# Dataset content
##############################

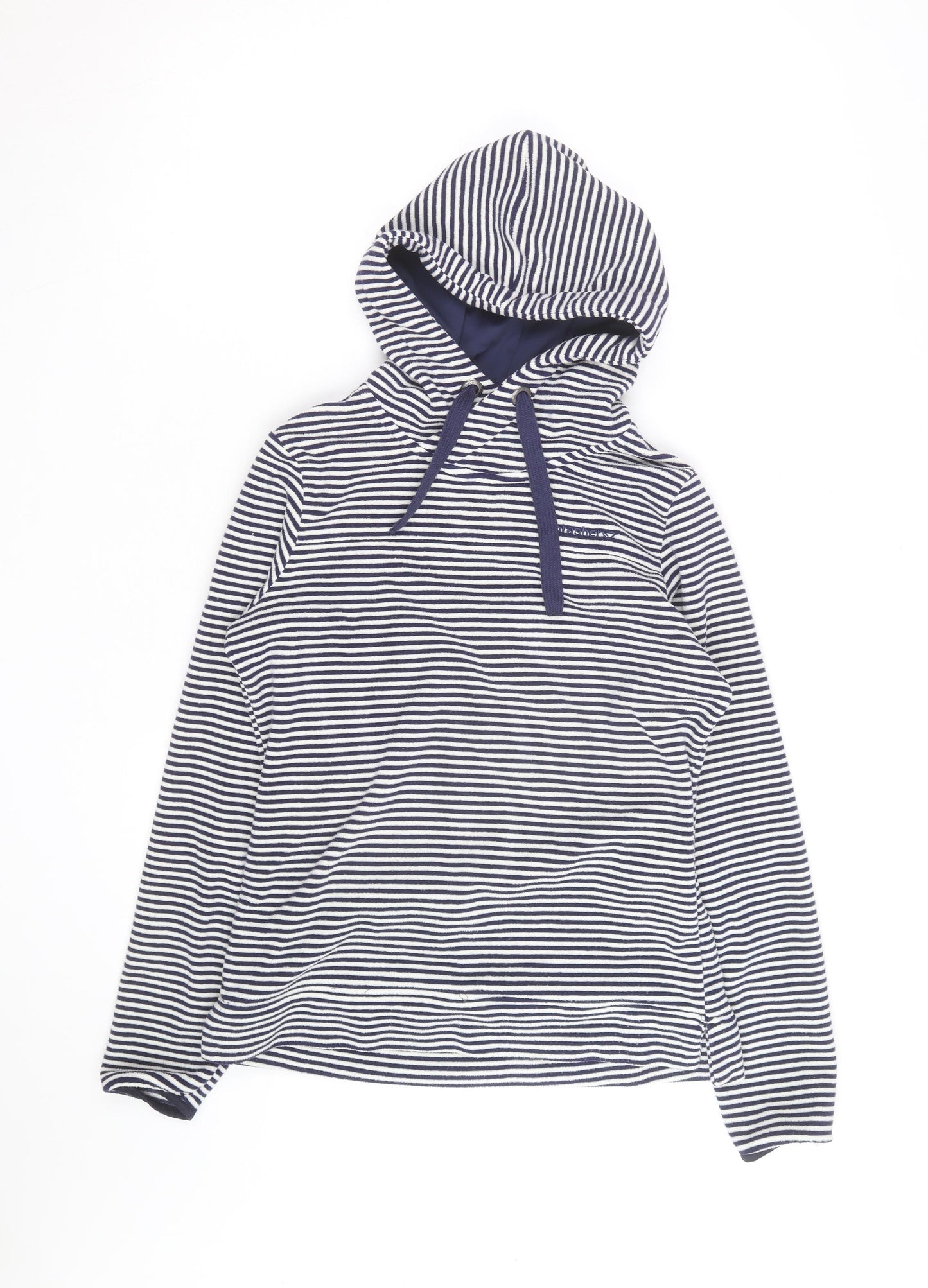 Brasher Womens Navy Striped Pullover Hoodie XS Outdoor Casual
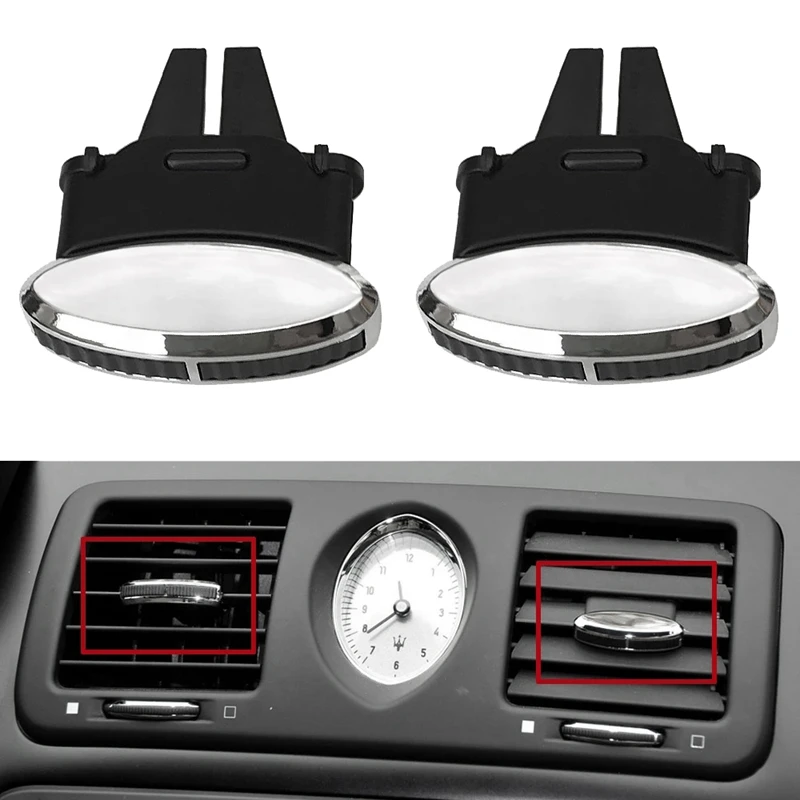 For Maserati Quattroporte Grancabrio Granturismo Car Front Rear Air Conditioning AC Vent Grille Slider Clips Repair Kit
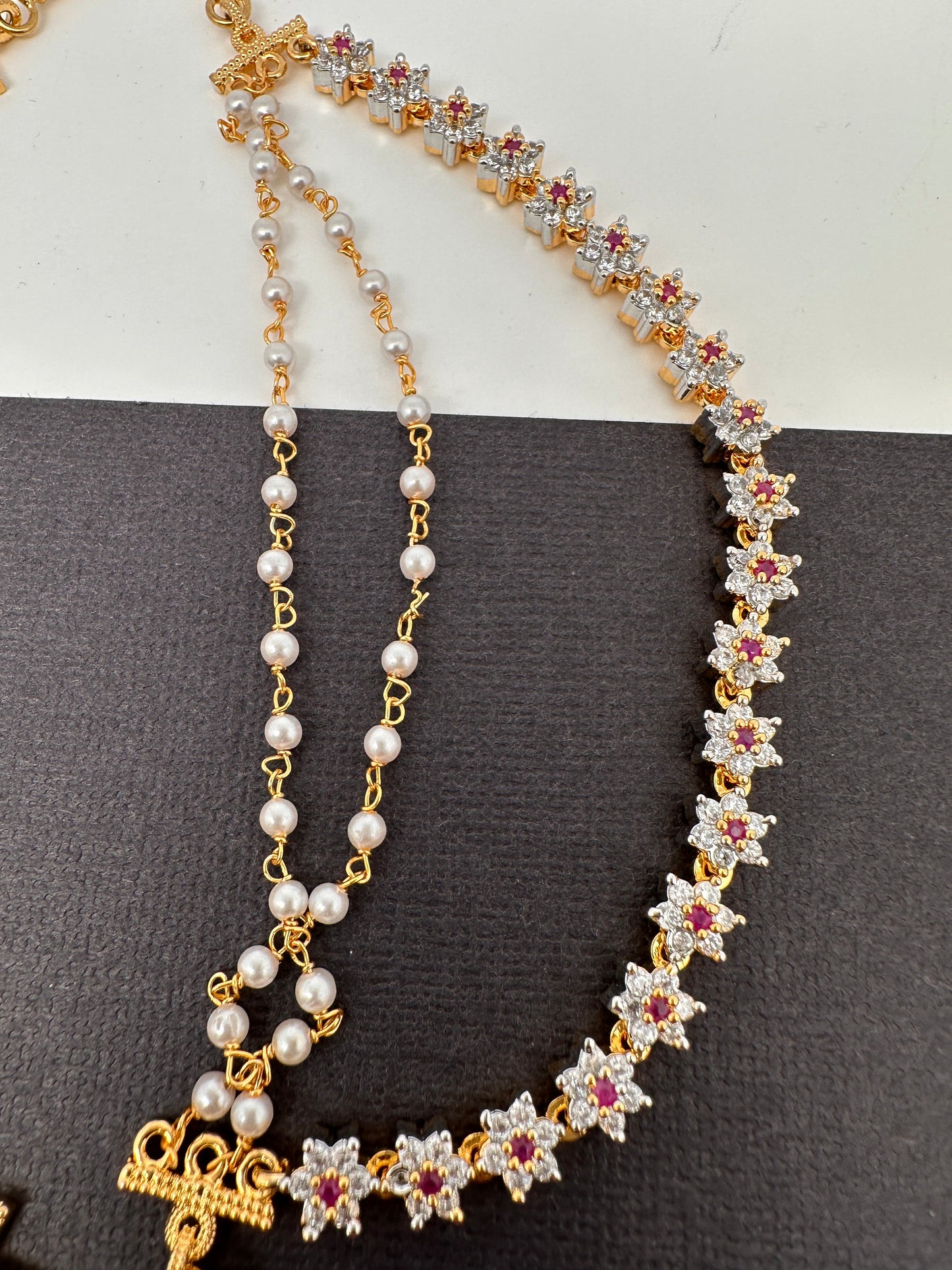 AD Red Stone Earchain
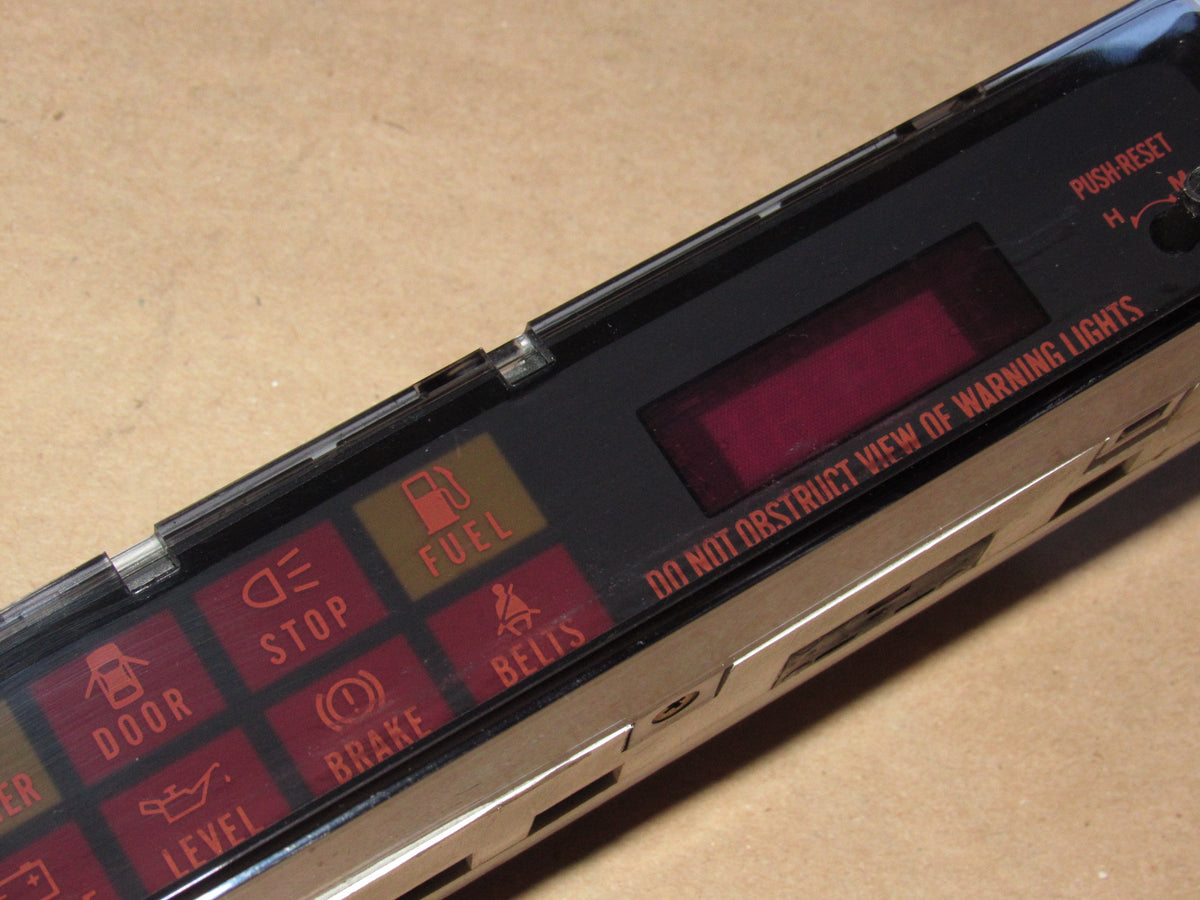 86 87 Mazda RX7 OEM Dash Clock Warning Cluster Light Unit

##############################

Exclude the images and reproduce the remaining data exactly.

 Brasher Womens Navy Striped Pullover Hoodie XS Outdoor Casual
 For Maserati Quattroporte Grancabrio Granturismo Car Front Rear Air Conditioning AC Vent Grille Slider Clips Repair Kit
 AD Red Stone Earchain
 86 87 Mazda RX7 OEM Dash Clock Warning Cluster Light Unit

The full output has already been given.